Provenance: John R. Berwald Oriental Ceramics & Works of Art, London, 20 June 1993

Published and Illustrated: S.Marsh, Brushpots: A Collector's View, Hong Kong, 2020, pp.216-219

來源:倫敦古董商 John R. Berwald Oriental Ceramics & Works of Art,1993年6月20日

錄著: S.Marsh,《Brushpots: A Collector's View》,香港,2020年,頁216-219

The present brushpot is unusual both for the rare decorative border beneath the rim, and also its large size. Although 'blobby dots' can be found on the borders of several brushpots from the transitional period, its combination with red and green is particularly unique.

The brushpot is laden with auspicious meaning. The scholar-official pointing at the sun provides a rebus: the rising sun suggests a rise in prosperity. 'Pointing at the sun' (zhi ri) is a pun for 'day by day', suggesting the blessing zhiri gaosheng 指日高陞 (May you day by day rise in rank).

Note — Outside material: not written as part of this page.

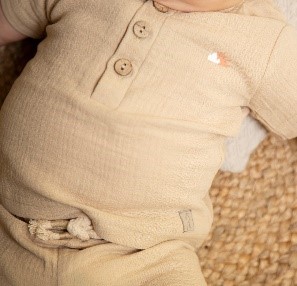 SET MAGLIA MANICA CORTA+PANTA COTONE 6-12 MESI SABBIA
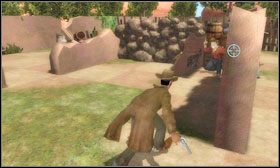 Aby rozpocząć ostatnią strzelaninę na cmentarzu przejdź przez bramę - Opis przejścia cz.6 - Fenimore Fillmore: Zemsta - poradnik do gry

See a related wucai brushpot, early Kangxi, illustrated in Transitional Wares and Their Forerunners, Hong Kong, 1981, p.35. Compare also with a related blue and white brushpot with similar composition of figures on a terrace, Chongzhen, illustrated by T.Canepa and K.Butler, Leaping The Dragon Gate: The Sir Michael Butler Collection of Seventeenth-Century Chinese Porcelain, London, 2021, p.224.